Have there been concerts in the past years when people just did not understand your music?
Greg (Singer): [laughs]
Ben (Guitar player): Absolutely, yeah, especially in the beginning. When the band first started nobody even knew our music and at the time there was not a lot of stuff that sounded like what we were doing. On top of that we also were undefinable as far as what genre we were in. We were signed to a metal label, but we didn't look like metal people. We didn't have long hair and stuff, so people were very confused, especially in Germany, because at that time, over ten years ago, everything was very stuck into genres. So for instance if it was metal, you should look metal, you should wear a metal tshirt, you should have long hair. If it was hardcore, it should sound exactly like every other hardcore band. There was no kind of cross-polinisation of the music styles at all at the time, especially in Europe. So people definitely looked at us weird. In summer we played a tour called Warp Tour in the States, which is much younger audiences usually like a lot newer bands that are more popular. So of course people looked on us weird on that as well. So we are constantly in situations where people not really understand what we are doing but we enjoy that every now and again.

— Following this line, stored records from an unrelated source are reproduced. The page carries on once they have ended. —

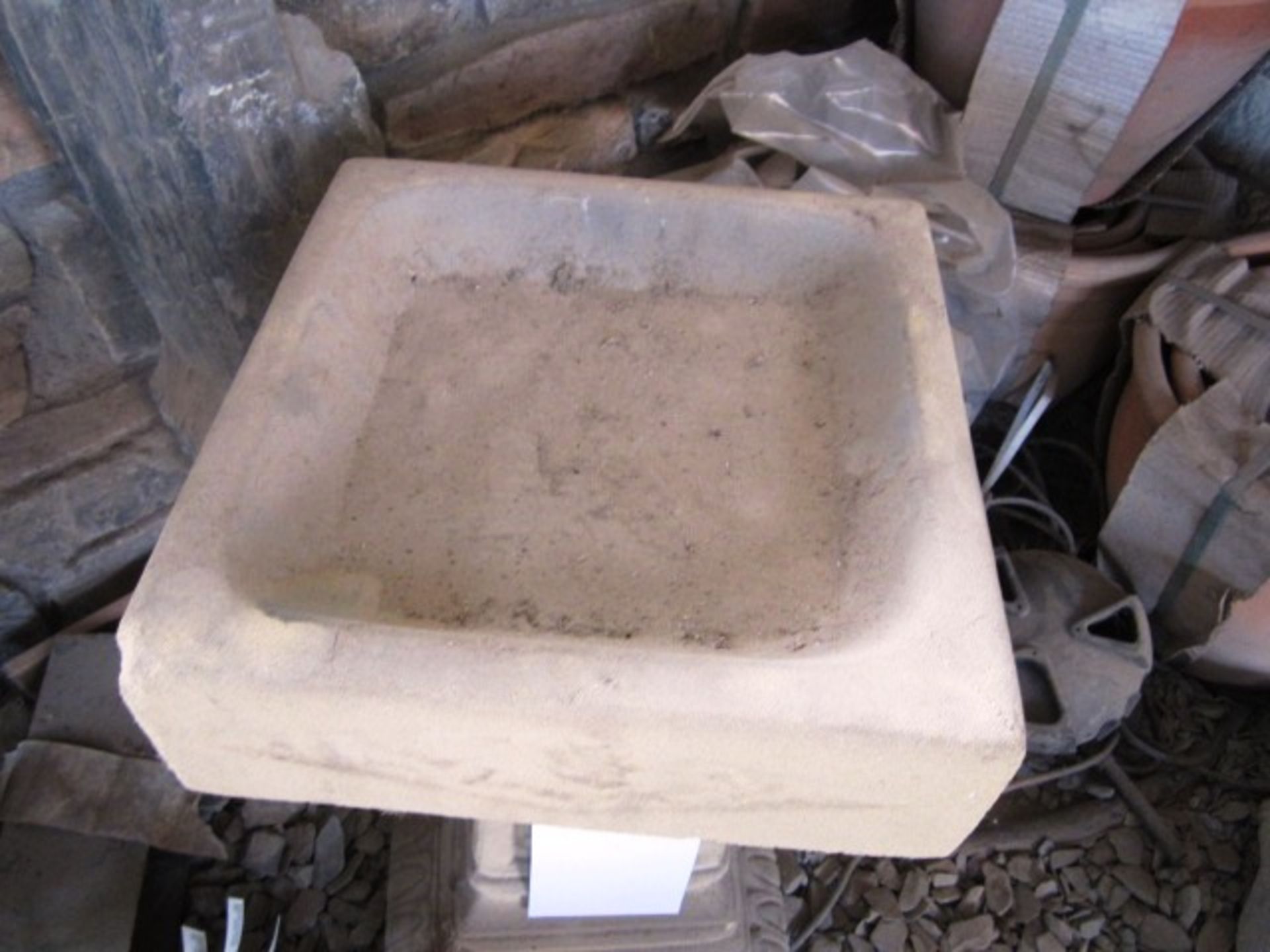 Reconstituted concrete stone decorative 2-piece bird bath and plinth. approx. dimensions: height - Image 2 of 2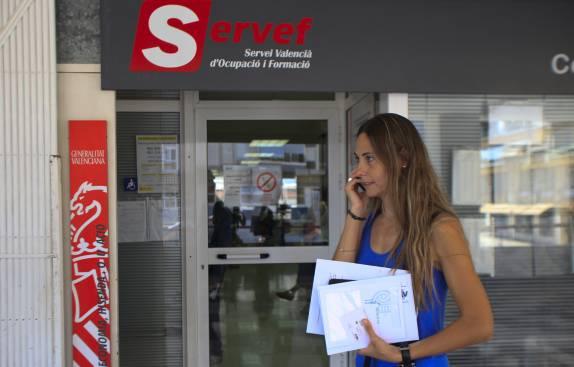 Els servicis van liderar el descens de l'atur en abril.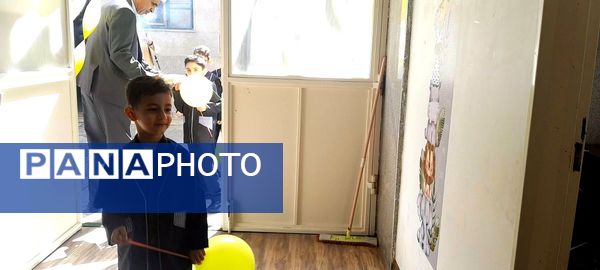 جشن شکوفه‌ها در مدرسه نسل روشن ناحیه 2 کرج 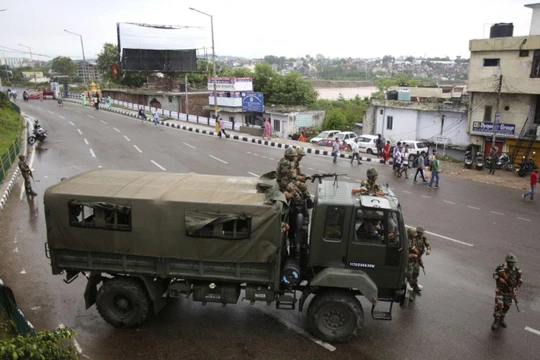 Quân đội Ấn Độ tiến vào phong tỏa đường phố Kashmir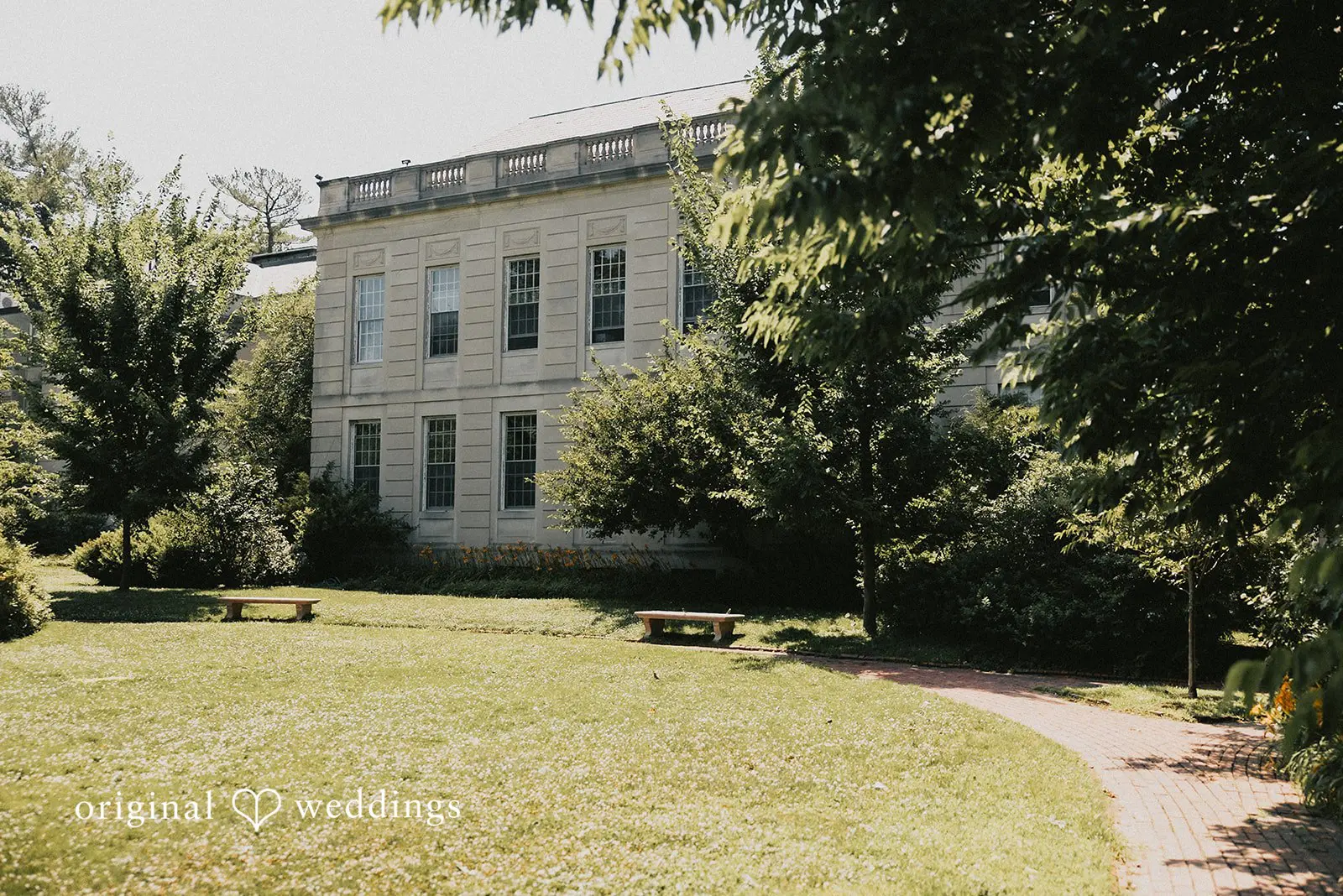Melanie + Taylor Arlington Town Hall Wedding // Melanie & Taylor -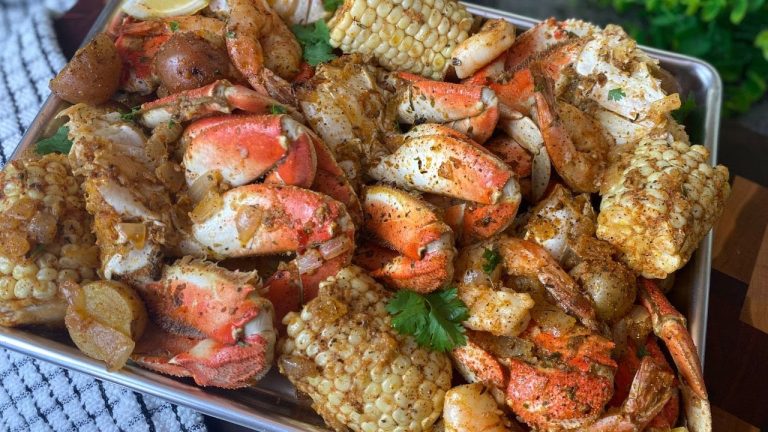 That Oven SEAFOOD BOIL RECIPE You Always NEEDED!! 🦀 Crab & Shrimp Seafood Boil ! MUST TRY TONIGHT!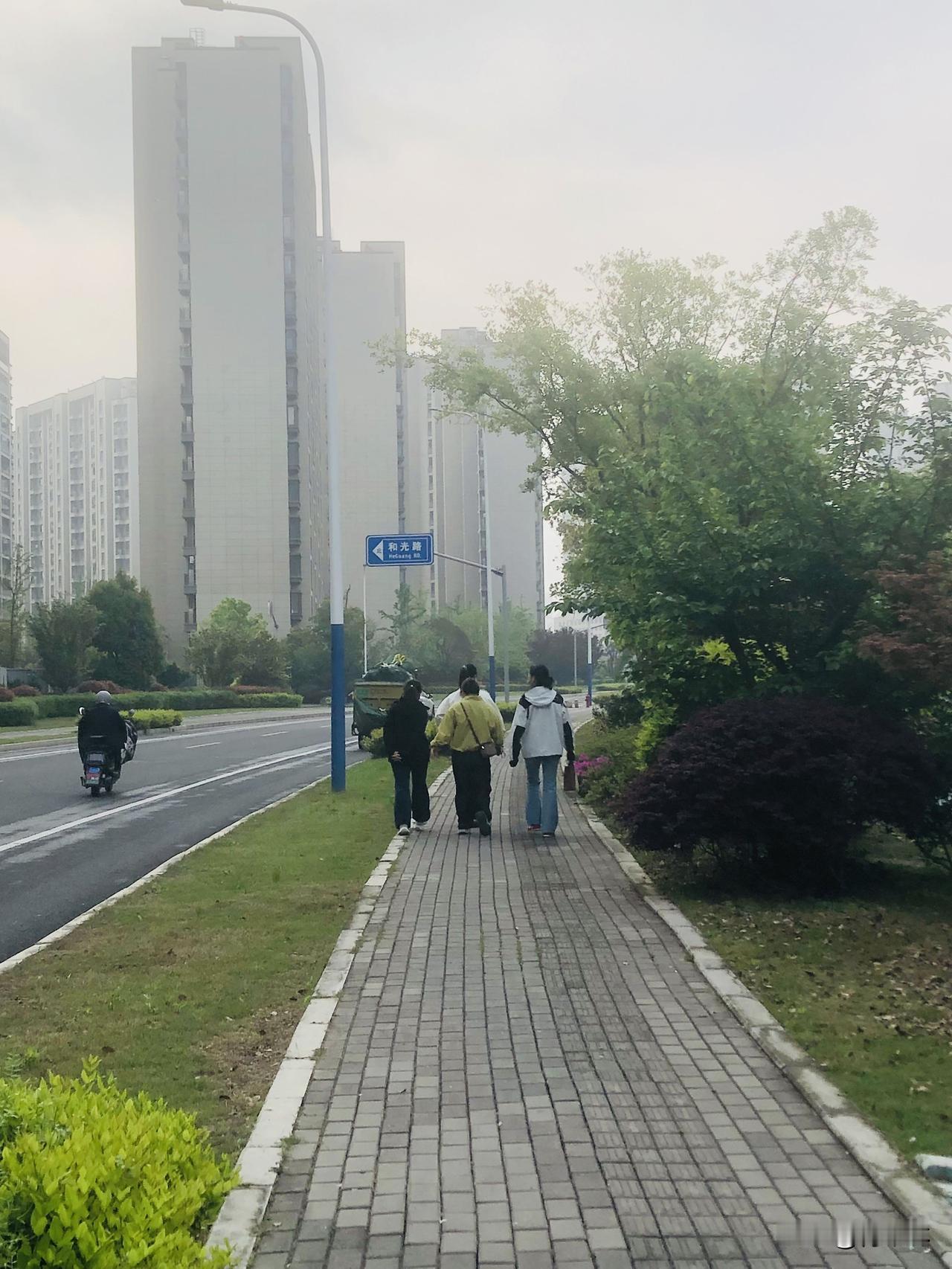 晒图大赛今天常州的天气太舒服啦，阴转多云，气温14℃到23℃，不冷不热的，特别适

I found two interpretations of your band name: one is to just shoot your way out of the door and the other one is like in the movie just pretend to be powerful having a wooden pistol and in fact having nothing. What would you say is more suitable for you?
Greg: I think the shooting your way out is probably pretty much the way we accomplished everything. Brute force.
Ben: [laughs]

A lot of your songs are related to anger. What would you say is the anger that is fueling you?
Ben: I don't know if it's anything anger anymore than any normal person. We just have the opportunity to have this outlet. Everybody has frustrations, whether it's just being stuck into society's norms of going to work everyday, being told what to do constantly, being stuck in some situation where before you know it you turn around and you're old and your whole life passed before your eyes. Relationship issues and any of those things. To us all this stuff is almost heightened to a higher degree than most people, because being in a band and touring so often makes things like relationships even more difficult, makes stability a thing that is not very easy to come by for us. Those kind of frustrations are most elevated. So in one way the band is almost the source of a lot of our issues and problems but it's also the solution. For us it's just really a way for that hour of the day to really vent and express ourselves. I don't think we are any different than anybody else. We just got this opportunity to use our shows and our music to express ourselves.
Greg: Right.

Talking about everyday problems. The name of the album "Option Paralysis" stands for the tendency when given unlimited choices to choose none. In former interviews you already tracked the reason of this problem to technology. If you could would you set technology some years back?
Greg: No, I actually think technology is amazing, we live in an amazing time. I don't think technology's the problem so much as people's inability to process what's happening around them quickly enough. Basically everything's reactionary, everything's like a jojo. Right now we're experiencing a situation: where in the past everything was private - there were tastemakers, you could only learn about things what people would tell you, you could only watch shows that were written, you could only learn about celebrities what they wanted you to know - now every single door is gone. You have facebook, you have twitter, you have the internet, you can learn anything you want. You can sit on the internet all day long and become a master of a million different little bullshit topics. And I think that because that is so new people are just fascinated and they are saturating themselves largely with meaningless information because they haven't become accustomed to siphon out what's meaningful and what's not. And I think in the process of doing that people are feeding their ADD tendencies, feeding the negative human inclination to "want to get everything right now". It's gonna take some time to learn restraint. If you go to a buffet the food is not the same quality as the food in a nice restaurant. You can eat more of it, you can get whatever you want, you can just walk around constantly for 15 bucks. Wherelse in a nice restaurant you might pay 30 bucks but the food is immensly better. This is right now a buffet situation.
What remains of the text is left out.